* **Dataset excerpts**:
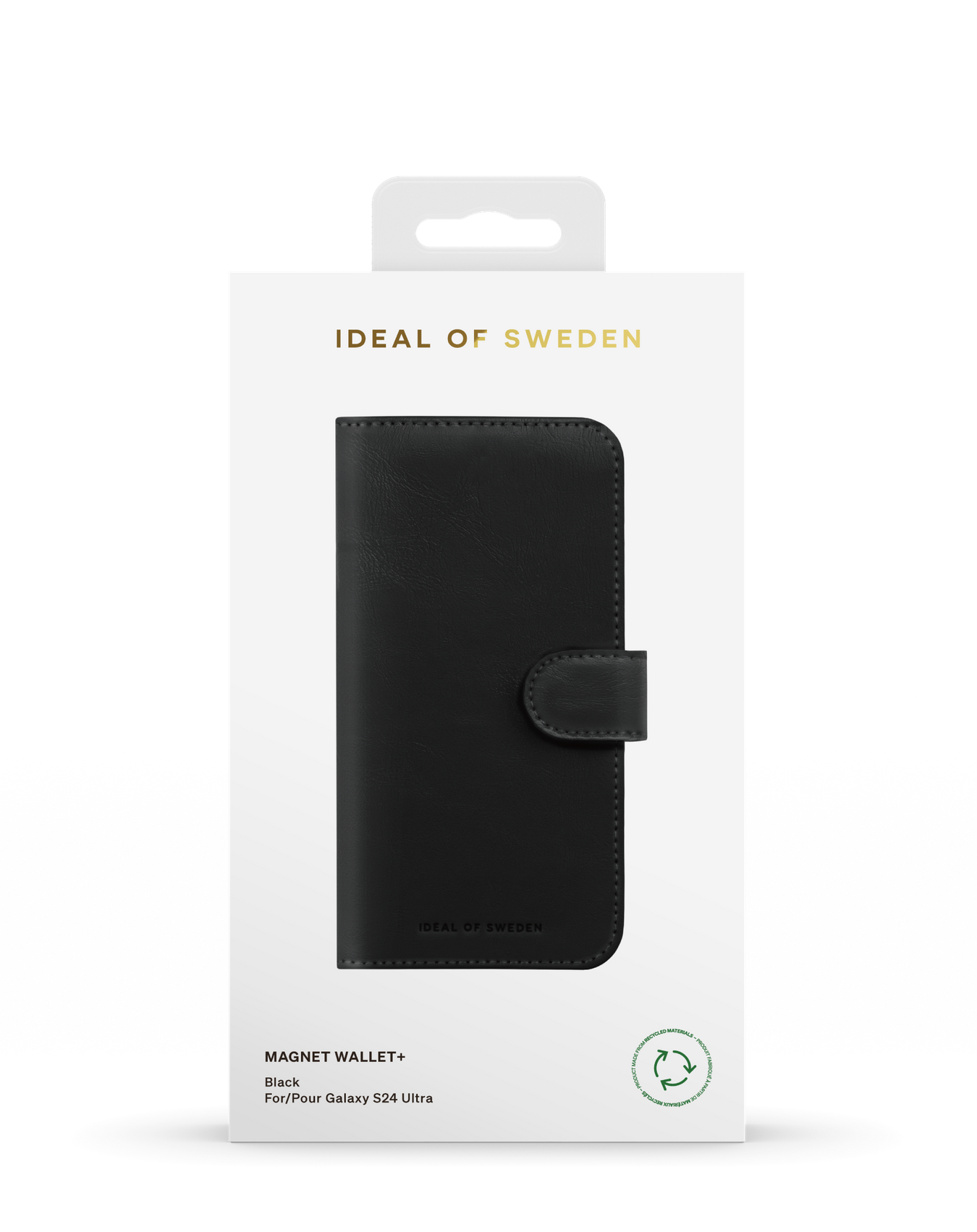 Eine schwarze Handy-Geldbörse mit Verschluss, in einer Box mit IDEAL OF SWEDEN-Aufdruck.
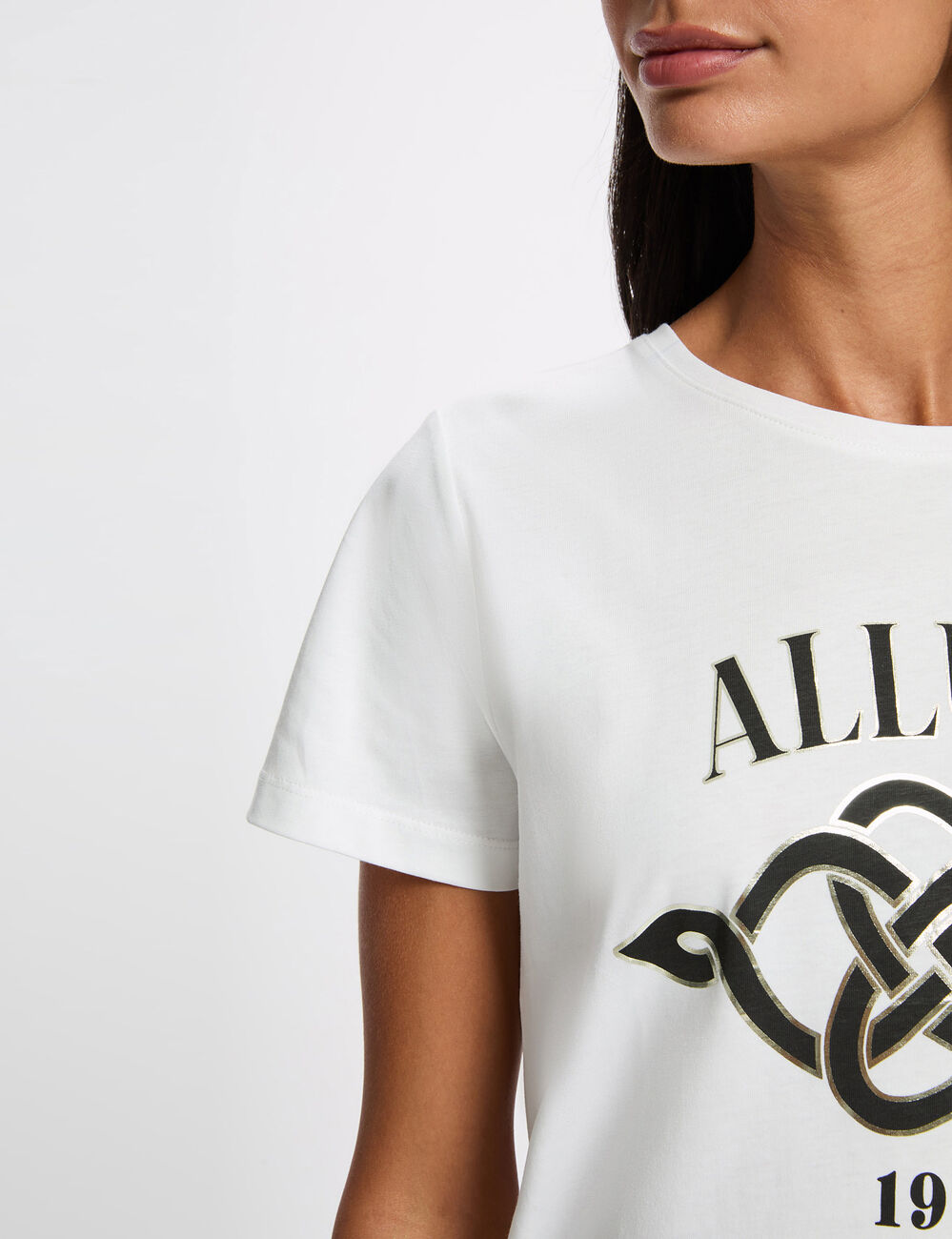 T-shirt imprim&eacute; col rond blanc femme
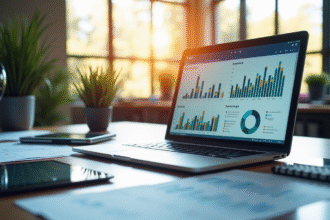 Bureau moderne avec ordinateur et outils d'audit lumineux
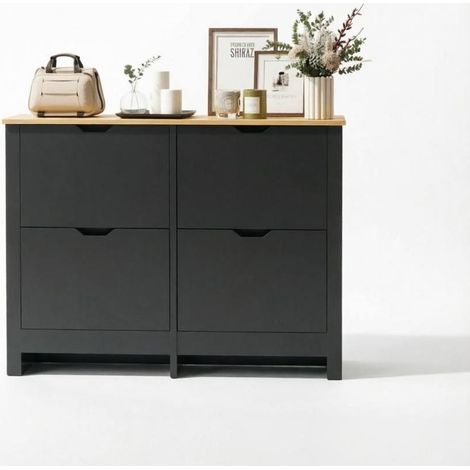 Zapatero negro y efecto madera con 4 puertas abatibles y estantes ajustables (1/5)
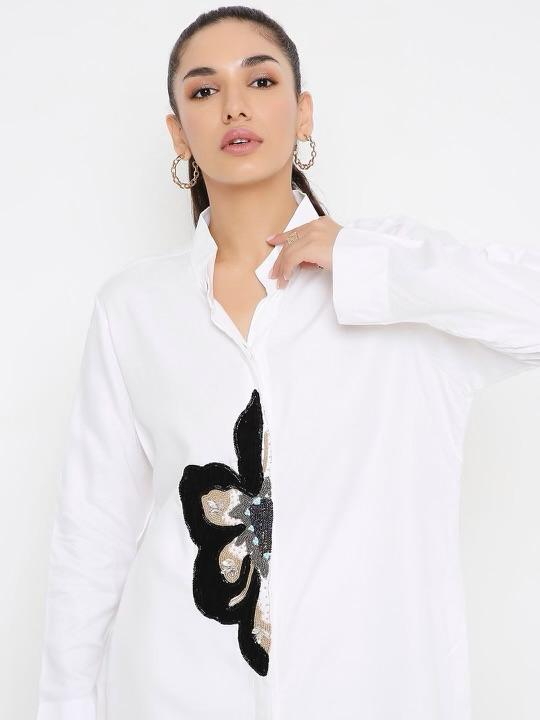 Half flower hand embroidered co rd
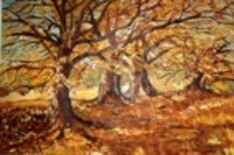 Painting titled "Outono" by Isabel Alfarrobinha, Original Artwork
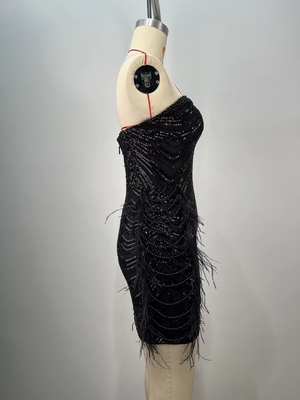 Pure Color Sexy Role Play Costume SB3262 Black Pearl Chain Shiny Mini Dress Off-Shoulder Luxurious Sexy Feather Evening Gown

* **To do**:
Give the records again exactly, minus the pictures.

* **Task output**:
 Eine schwarze Handy-Geldbörse mit Verschluss, in einer Box mit IDEAL OF SWEDEN-Aufdruck.
 T-shirt imprim&eacute; col rond blanc femme
 Bureau moderne avec ordinateur et outils d'audit lumineux
 Zapatero negro y efecto madera con 4 puertas abatibles y estantes ajustables (1/5)
 Half flower hand embroidered co rd
 Painting titled "Outono" by Isabel Alfarrobinha, Original Artwork
 Pure Color Sexy Role Play Costume SB3262 Black Pearl Chain Shiny Mini Dress Off-Shoulder Luxurious Sexy Feather Evening Gown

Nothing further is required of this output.